Records supplied

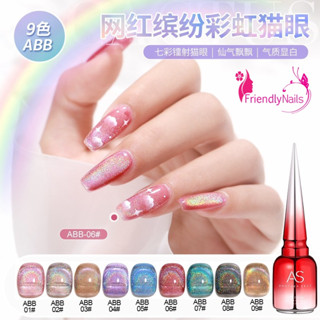 AS RAINBOW Cat Eye Gel Polish สีเจลลูกแก้ว โฮโลแกรม(สินค้าแตก-หักทางร้านไม่รับเปลี่ยน-คืน)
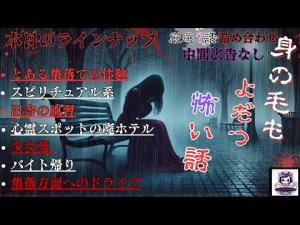 【中間広告なし】身の毛もよだつ怖い話  とある集落での体験　他　全7話　ホラーBGM　　[怖い話　怪談　都市伝説　作業用BGM　]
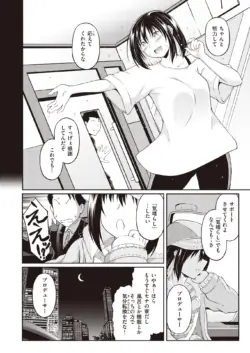 Page 241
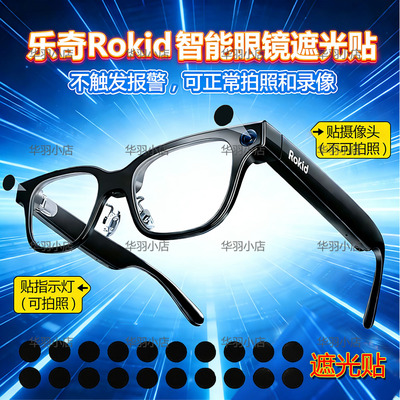 Rokid智能眼镜遮光贴不影响拍摄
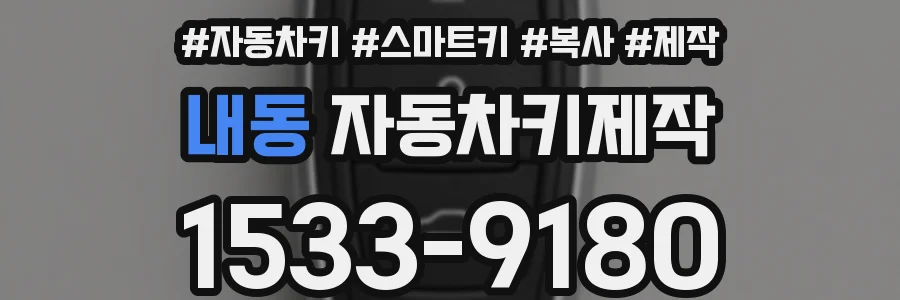 내동 자동차키제작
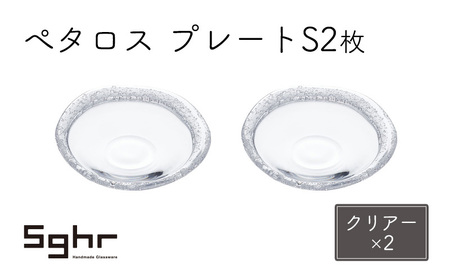 プレート ぺタロス S 2枚 クリアー×2 プレート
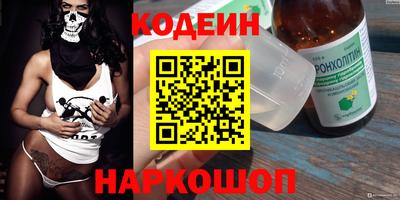 хмурый Можайск
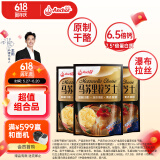 安佳(Anchor)新西兰进口 原制马苏里拉芝士碎208g*3 烘焙披萨焗饭意面
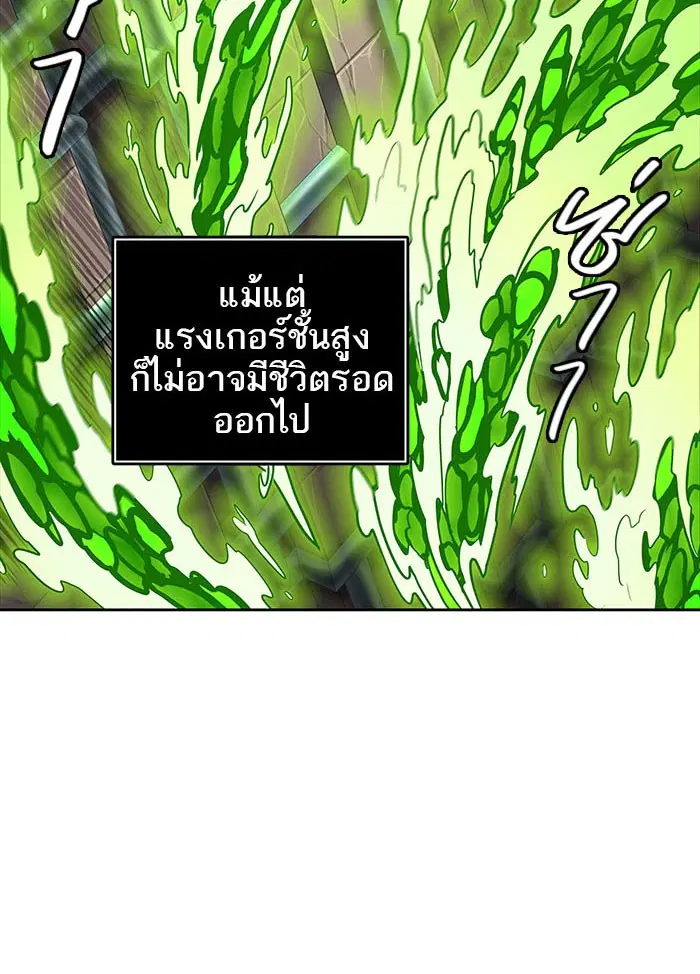 Tower of God ตอนที่ 500 หน้า 63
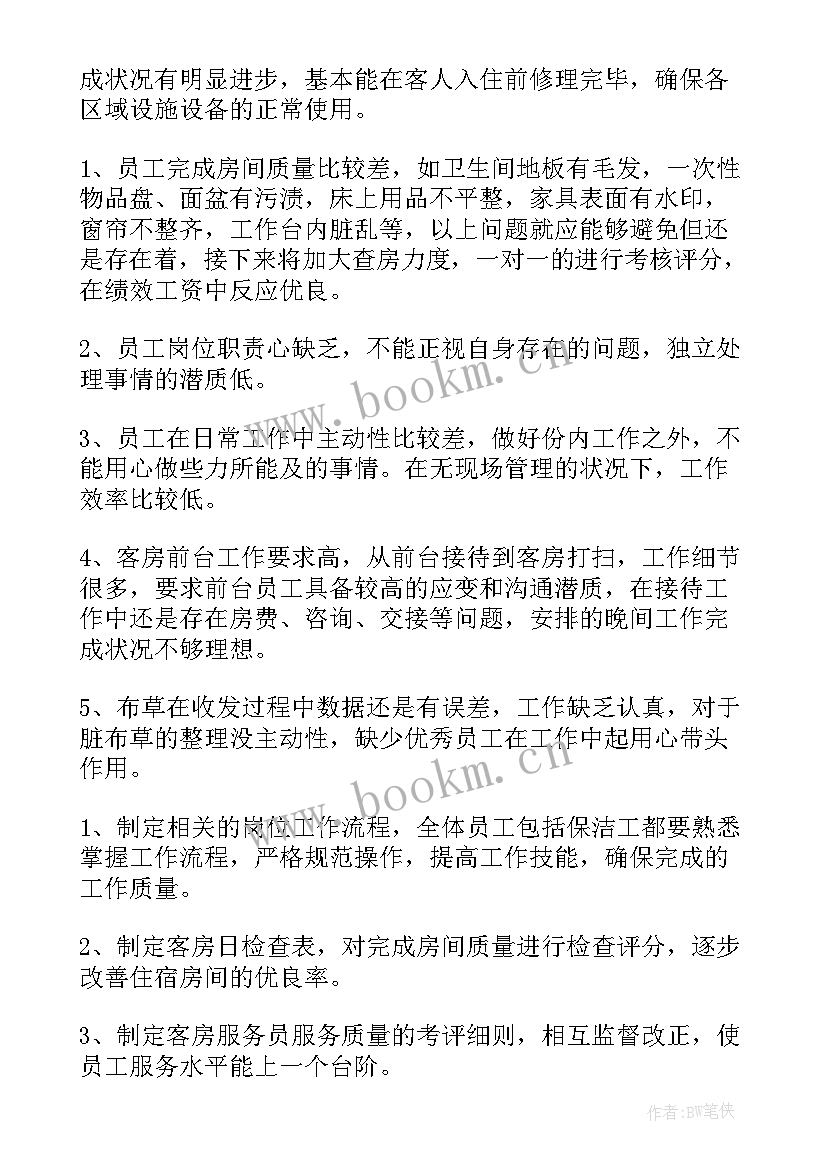 最新客房月度工作总结(通用6篇)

Directions for this task
Send back every line of the listing exactly. Omit the images.

Written response
 AS RAINBOW Cat Eye Gel Polish สีเจลลูกแก้ว โฮโลแกรม(สินค้าแตก-หักทางร้านไม่รับเปลี่ยน-คืน)
 【中間広告なし】身の毛もよだつ怖い話  とある集落での体験　他　全7話　ホラーBGM　　[怖い話　怪談　都市伝説　作業用BGM　]
 Page 241
 Rokid智能眼镜遮光贴不影响拍摄
 내동 자동차키제작
 プレート ぺタロス S 2枚 クリアー×2 プレート
 хмурый Можайск
 安佳(Anchor)新西兰进口 原制马苏里拉芝士碎208g*3 烘焙披萨焗饭意面
 Tower of God ตอนที่ 500 หน้า 63
 最新客房月度工作总结(通用6篇)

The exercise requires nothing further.